(Crawled caption data)
※ ※ ※

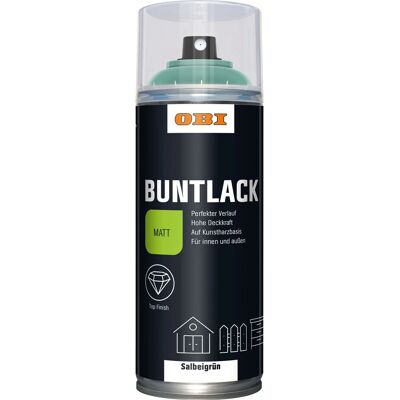 OBI Buntlack Spray LH Salbeigrün matt 400 ml OBI Buntlack Spray LH Salbeigrün matt 400 ml
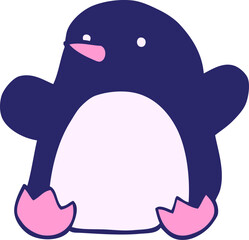 cartoon doodle dancing penguin in bright neon color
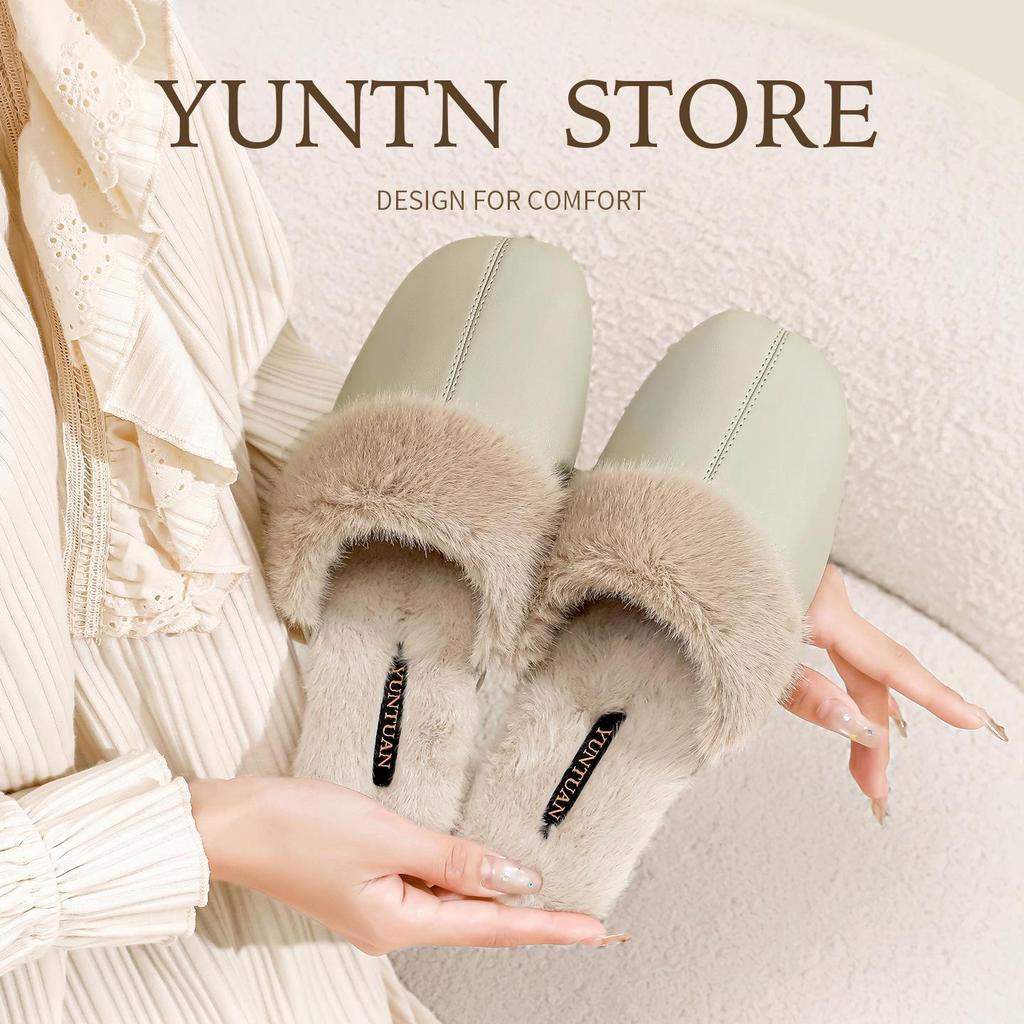 Damen Plüsch-Baumwollpantoffeln - Warm, Samtgefüttert, Rutschfest, Hautfreundlich für Zuhause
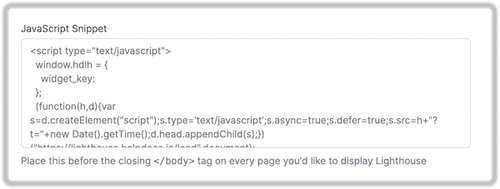 Screenshot of the Lighthouse Widget code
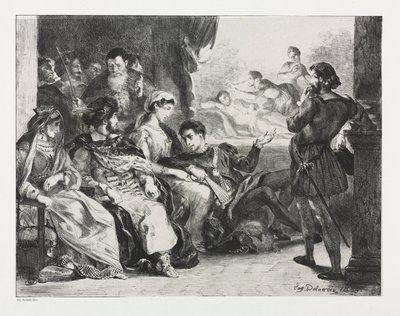 Hamlet: Hamlet megparancsolja a színészeknek, hogy készítsenek egy jelenetet az apja megmérgezéséből, 1834. alkotó: Ferdinand Victor Eugene Delacroix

※ ※ ※

> _Your task_:
In the copy, every entry must appear exactly as written, and no picture may appear.

> _Response box_:
 OBI Buntlack Spray LH Salbeigrün matt 400 ml OBI Buntlack Spray LH Salbeigrün matt 400 ml
 cartoon doodle dancing penguin in bright neon color
 Damen Plüsch-Baumwollpantoffeln - Warm, Samtgefüttert, Rutschfest, Hautfreundlich für Zuhause
 Screenshot of the Lighthouse Widget code
 Hamlet: Hamlet megparancsolja a színészeknek, hogy készítsenek egy jelenetet az apja megmérgezéséből, 1834. alkotó: Ferdinand Victor Eugene Delacroix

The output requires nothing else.